Многоликий Янус (СИ) - Малеёнок Светлана
Последующая часть зимы, не запомнилась какими-то особенными событиями. Я, продолжала создавать в доме уют, часто ездила в гости к сестрам и отцу, но большую часть времени, я уделяла рисованию. А что, мои навыки визажиста, здесь востребованы не были, но зато, умение рисовать и прирожденный вкус, помогали мне осуществить один мой проект, который я задумала, лишь впервые увидела холл особняка, с его окнами, освещающими противоположную стену, на которую так и просился объемный рисунок!
Еще в той своей жизни, я видела и в интернете, и на страницах глянцевых журналов о дизайне, как в России, в подражание Версалю, и дворцам французских королей, стены некоторых помещений в домах аристократов, расписывались кистью, изображая на них природные виды. Большей частью, это были сады или рощи. Такие залы назывались боскетными, от французского «bosquet» — роща.
Так вот я, задалась целью, изобразить такую красоту на стене холла, а также, на одной стене лестницы и одной стене гостиной.

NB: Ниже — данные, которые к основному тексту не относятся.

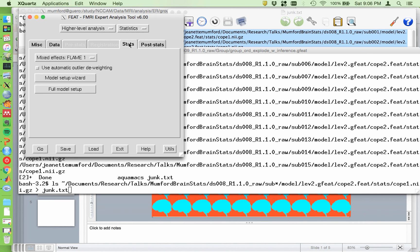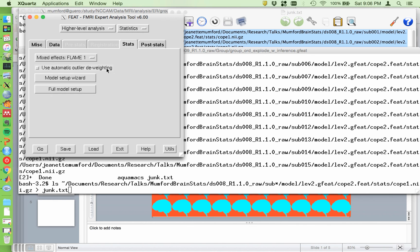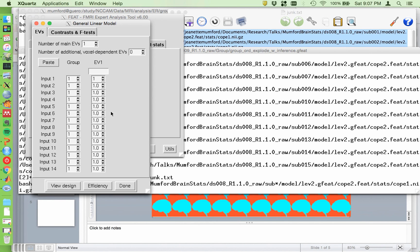Okay, the only other, well, there's two more tabs, the stats tab. Now we're going to use Flame 1 because we're at the highest level. You can try the outlier de-weighting. I find it takes a really long time. And it doesn't typically make a huge difference, but sometimes it can. But it adds a considerable amount of time to your results. So yeah, take that into consideration.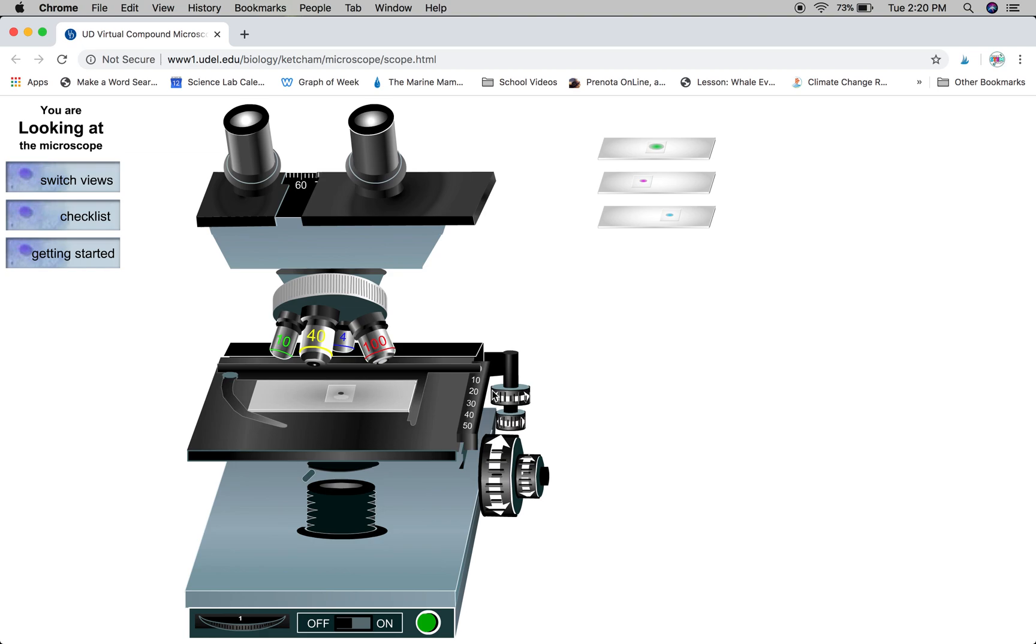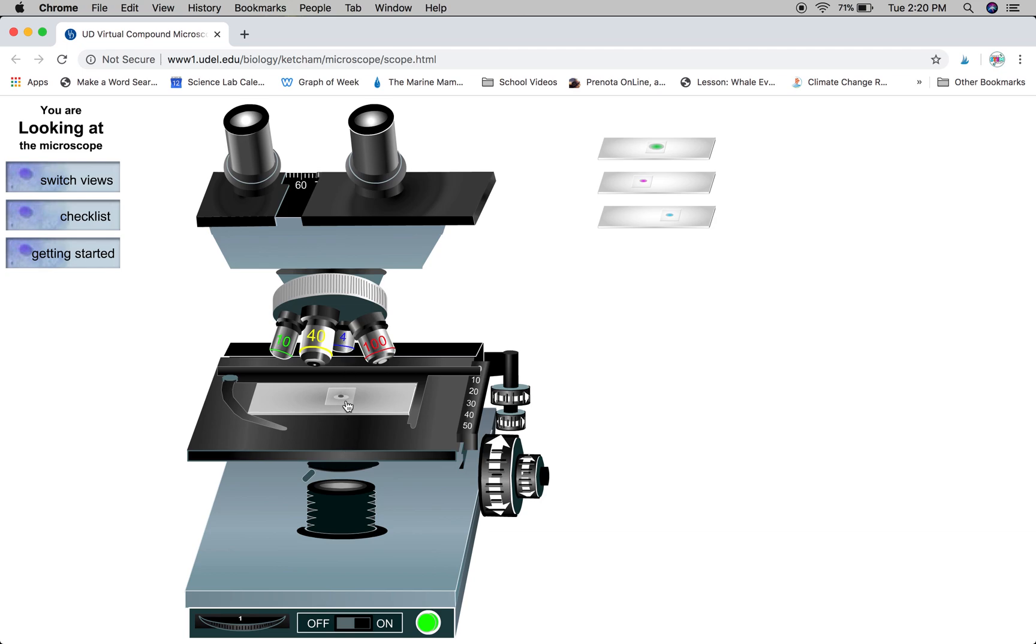Once it's in place, then you can turn on the power and you want to make sure that your lowest power objective lens, the one in the back which is the four times magnification, is in place.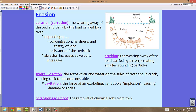Abrasion depends upon the concentration of rocks and soil, the hardness, and the energy of the load — whether it's moving fast or slow — as well as the resistance of the bedrock. Soft rock will erode faster; harder rock will last longer. Note that abrasion also increases as velocity increases, because you're going to get more and larger rocks moving down the riverbank.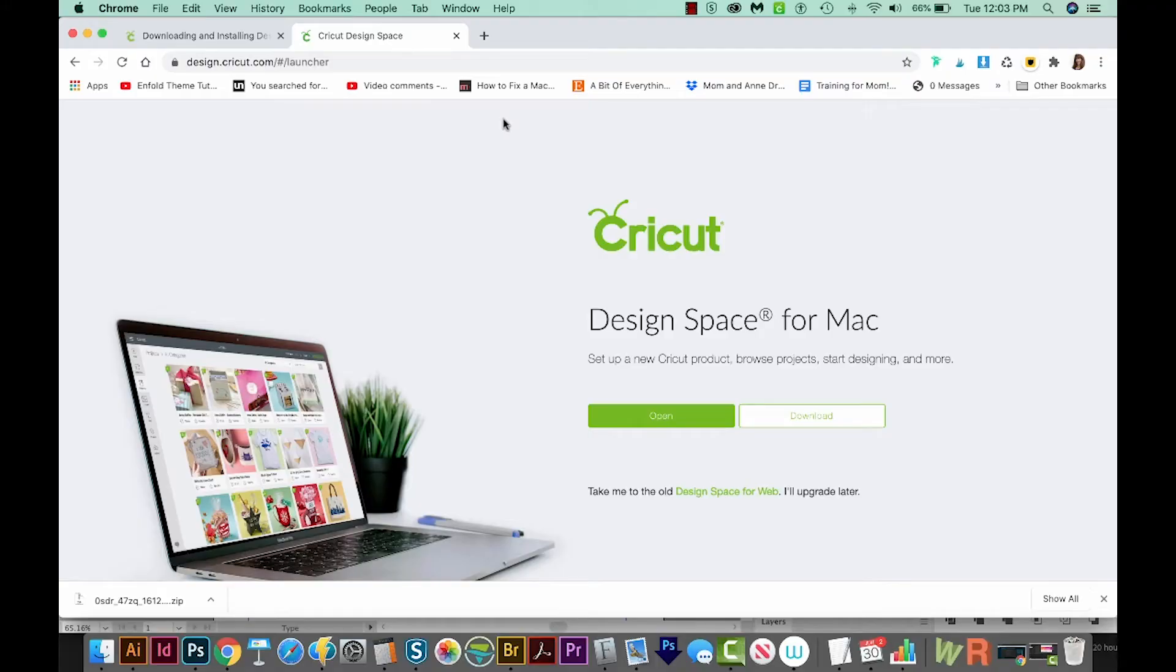Alright, let's get started. I've opened Chrome, and you can use any browser, but Chrome is the one I'm going to use for this tutorial.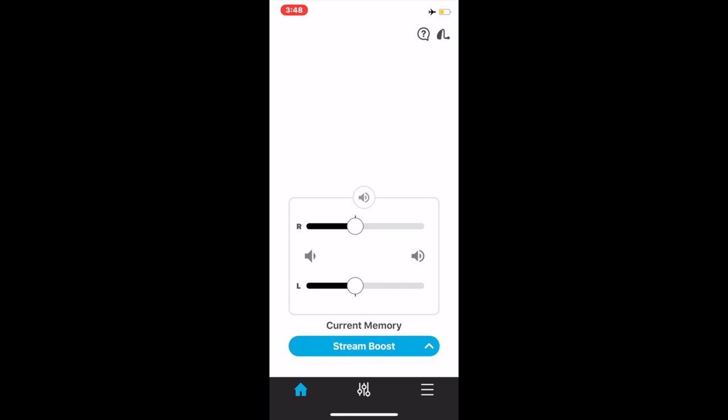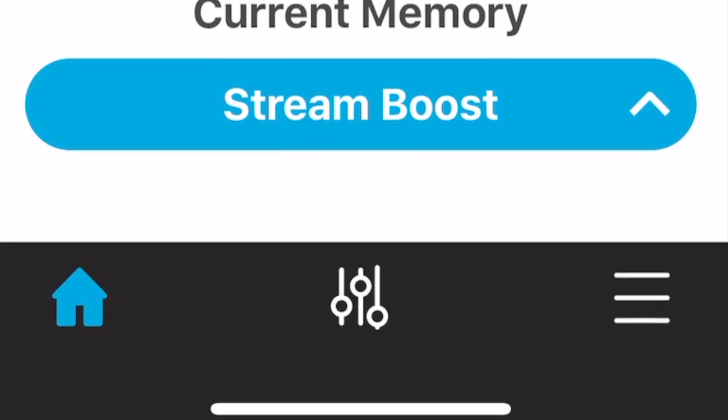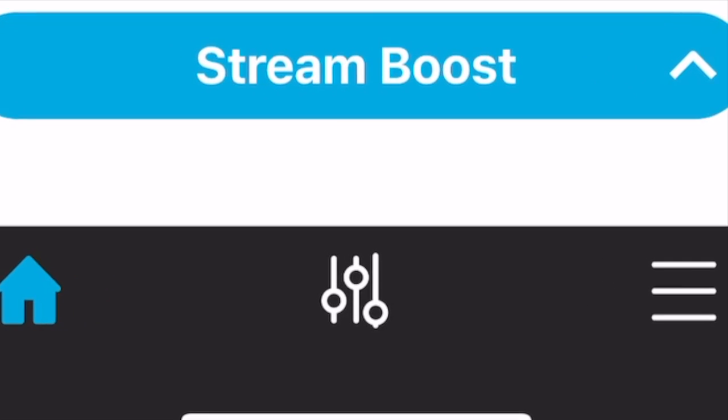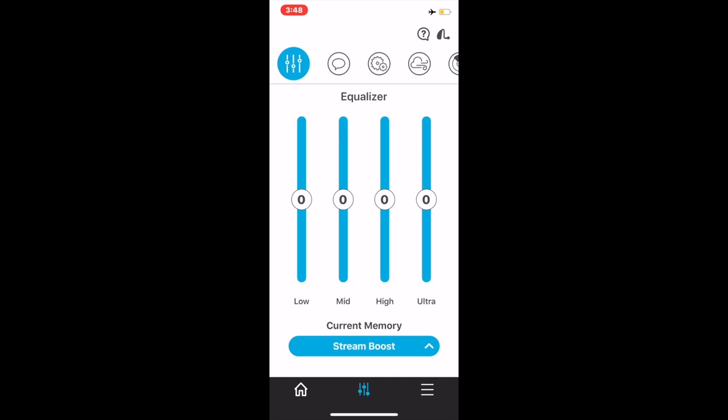Now, let's talk about other adjustments that you can make in the Thrive app. At the very bottom, in the center, is an equalizer icon. If you click on that, you will be given many more adjustments that you can make to the devices. The first one is the equalizer.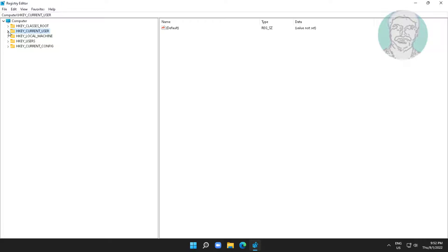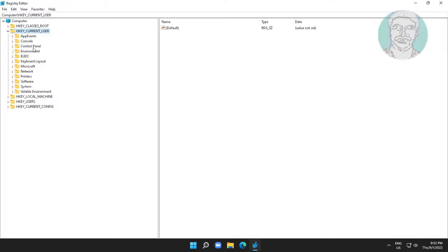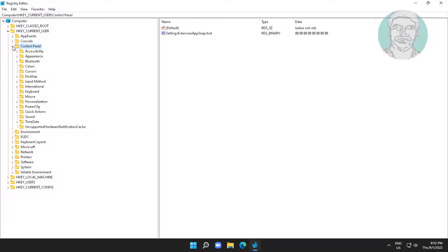Click and expand HKEY_CURRENT_USER, click and expand Control Panel, click and expand Desktop.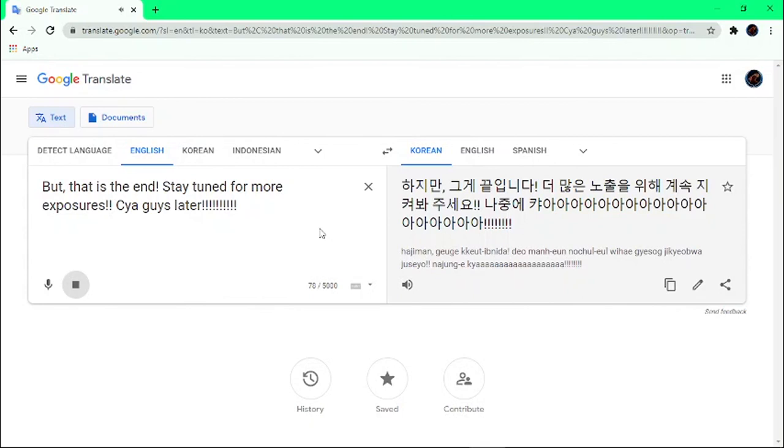But that is the end, stay tuned for more exposures. CYA guys later.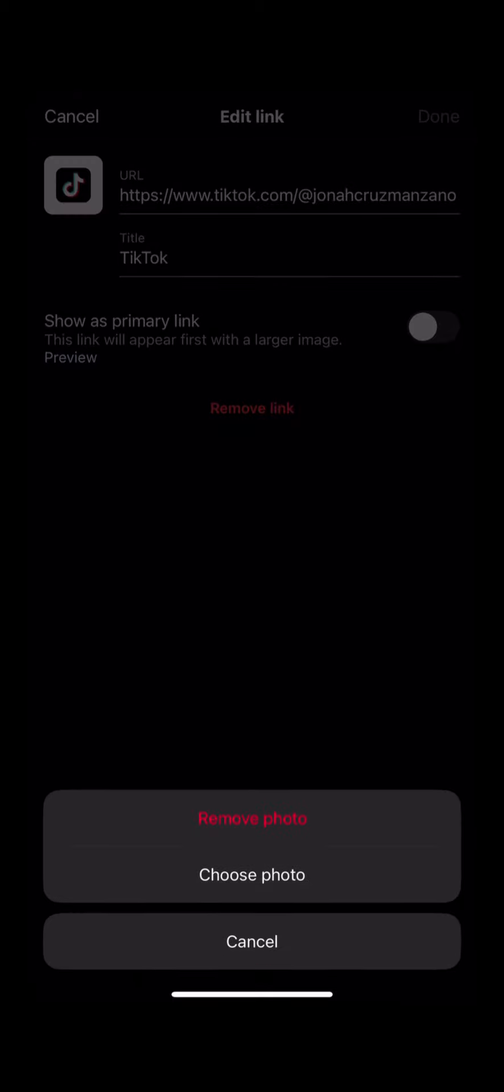For instance, I put here obviously the TikTok and my link and also the title. As you can see here, you can also choose your photo or remove it. I've already actually chosen images.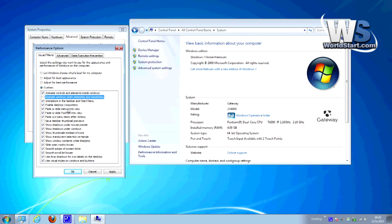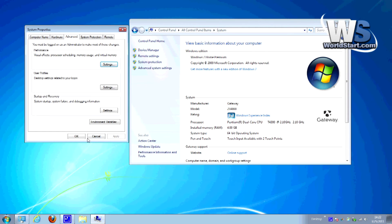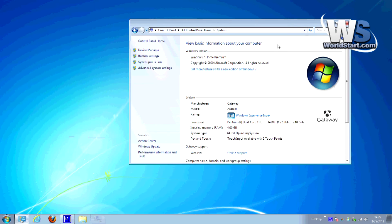There's some other stuff in here that you could also uncheck to further improve system performance. Right now we're looking at this one because it takes up a lot, but you could go through and uncheck any of these that you don't feel are absolutely necessary. Once you're done, hit Apply, OK, and Exit Out.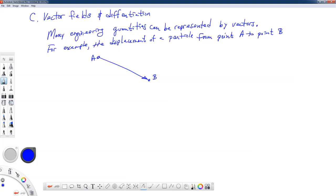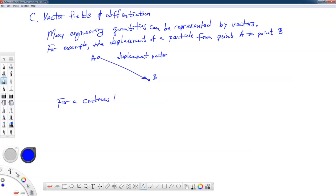Many engineering quantities can be represented by vectors. For example, the displacement of a particle from point A to point B can be represented by a vector — this would be the displacement of that particle. In theory of elasticity and continuum mechanics, we're not typically interested in the displacement of a single particle; we're often interested in the displacement field of an entire object or body. A vector field can represent the displacement of every point on the body.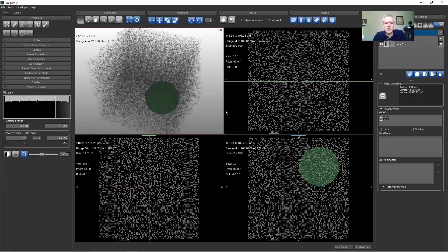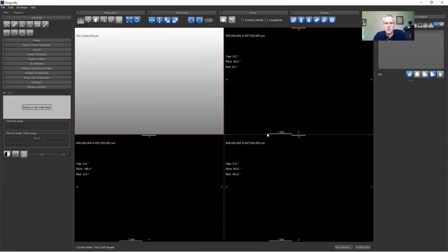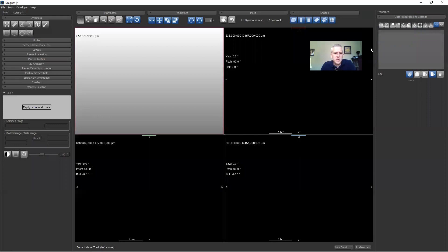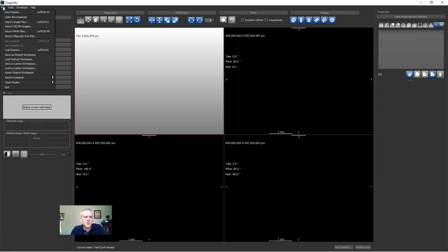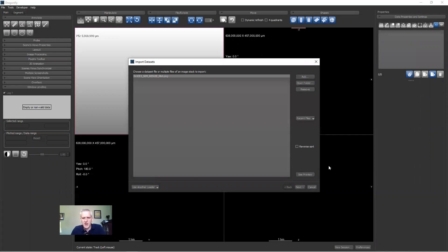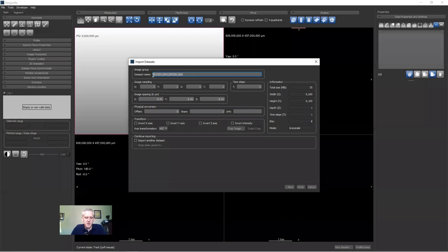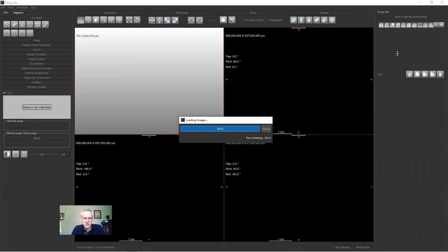I'm going to go over to Dragonfly and click the New Session button to clear out what I was working on during Q&A. New Session gives us a fresh start. I'm going to import both data sets, starting with the SEM: Import Image Files, Add, and here in my Downloads I have the SEM image. I'm pretty sure the horizontal field of view is 2.5 millimeters, which works out to 0.41 microns or 410 nanometers per pixel. I'll key in 0.41 for all axes, rename it 'North Sea Sandstone SEM,' and click Finish. This is 6,100 by 6,100 pixels — just a 2D image.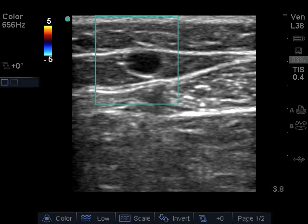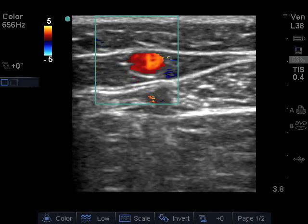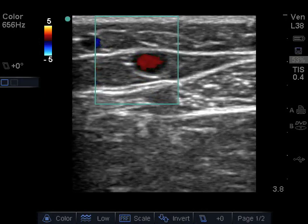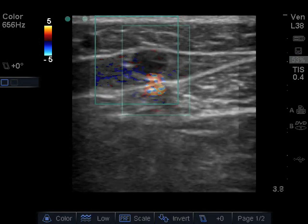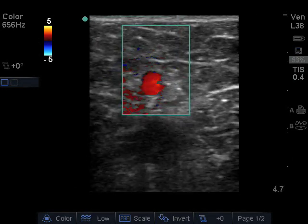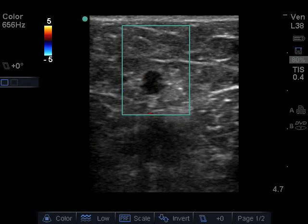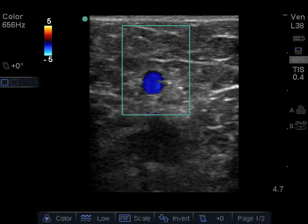Using color flow, assess for passive reflux in the vein by having the patient Valsalva. Normal passive reflux should last no longer than 0.5 seconds.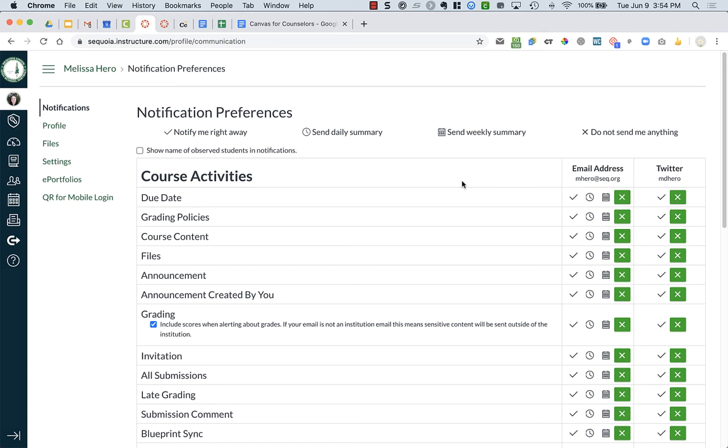Something that you might want to offer are office hours or some sort of appointments for your students to sign up for.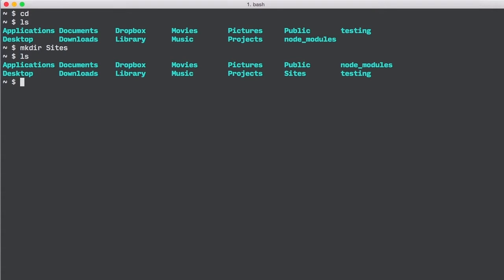Let's cd into our sites directory by typing cd sites. From the sites directory, we can see that it's an empty directory by typing ls.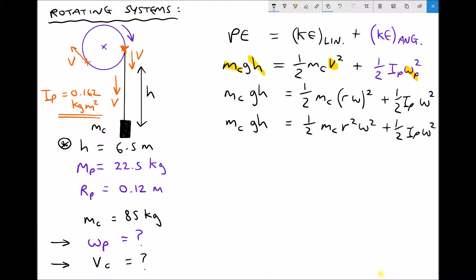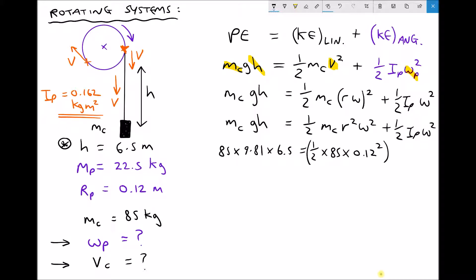Substituting values in: 85 times 9.81 times 6.5 on the left-hand side equals one half times 85 times r squared — where r is the radius of the pulley, 0.12 — squared, all times omega squared, plus one half times I subscript p times omega squared, where I subscript p is 0.162, all times omega squared.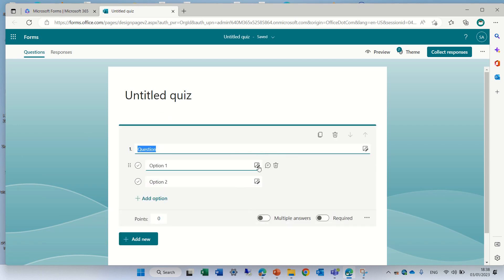Now for each option we actually have a possibility to insert a picture for each one.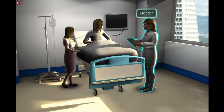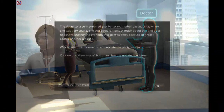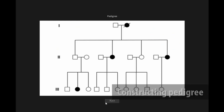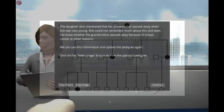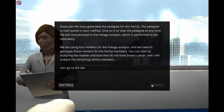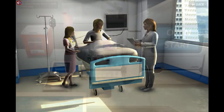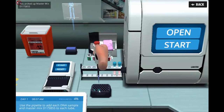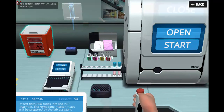In the hospital introductory scene, students construct a family pedigree based on gathered information. After planning their experiment, students arrive in the laboratory and begin experimentation.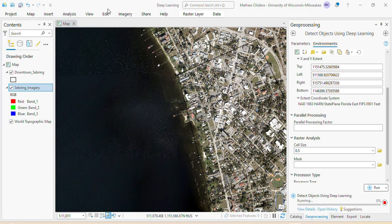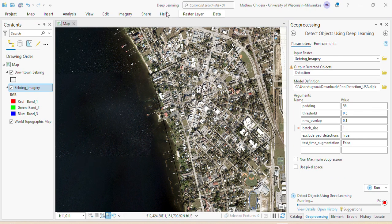The tool is running, but it seems to take a couple of minutes, so please wait while it processes.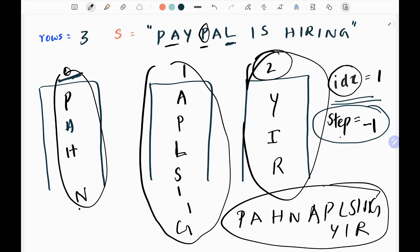Initially I will create these empty buckets as empty strings, created based on the number of rows given in the problem. Now let's see the code.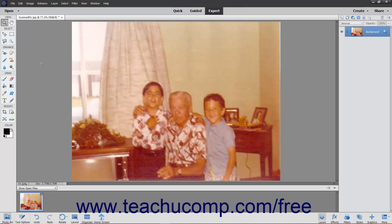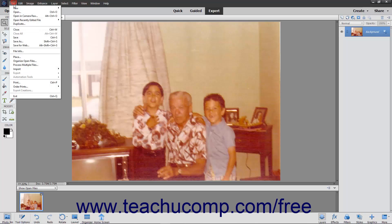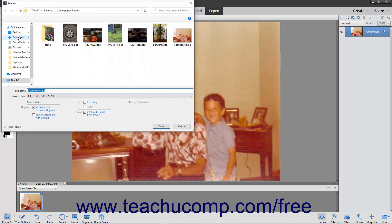You have several options available for saving Elements image files. There are many formats to which you can save a file depending on your need. You can select File, Save from the menu bar to save changes to an existing file that has previously been saved. The changes are always saved using the existing file format.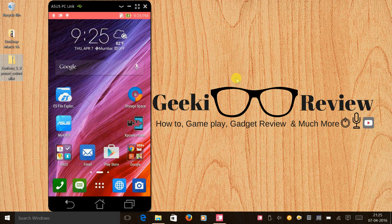Hey guys, this is Kevin here from the GeekReview channel, and in this video we are going to learn how to uninstall Xposed Framework that we installed in the last video.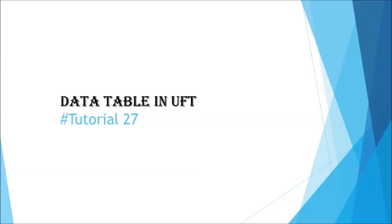Hello everyone, greetings for the day. Welcome back to another tutorial on UFT. This is Neerush Kumar Singh and you are watching the UFT tutorial series. In today's discussion we have a new topic to consider in the tutorial that is data table.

И вот на это, я потратила остаток зимы и почти весь март.
Снег еще лежал толстым слоем, но весна уже чувствовалась во всем: в теплом прикосновении солнечного лучика к щеке, дуновении по-весеннему пахнувшего ветерка, во все участившейся капели с крыш и появляющимся на солнце проталинах. Сердце радовалось приходу весны, и одновременно еще больше тосковало без Оливера.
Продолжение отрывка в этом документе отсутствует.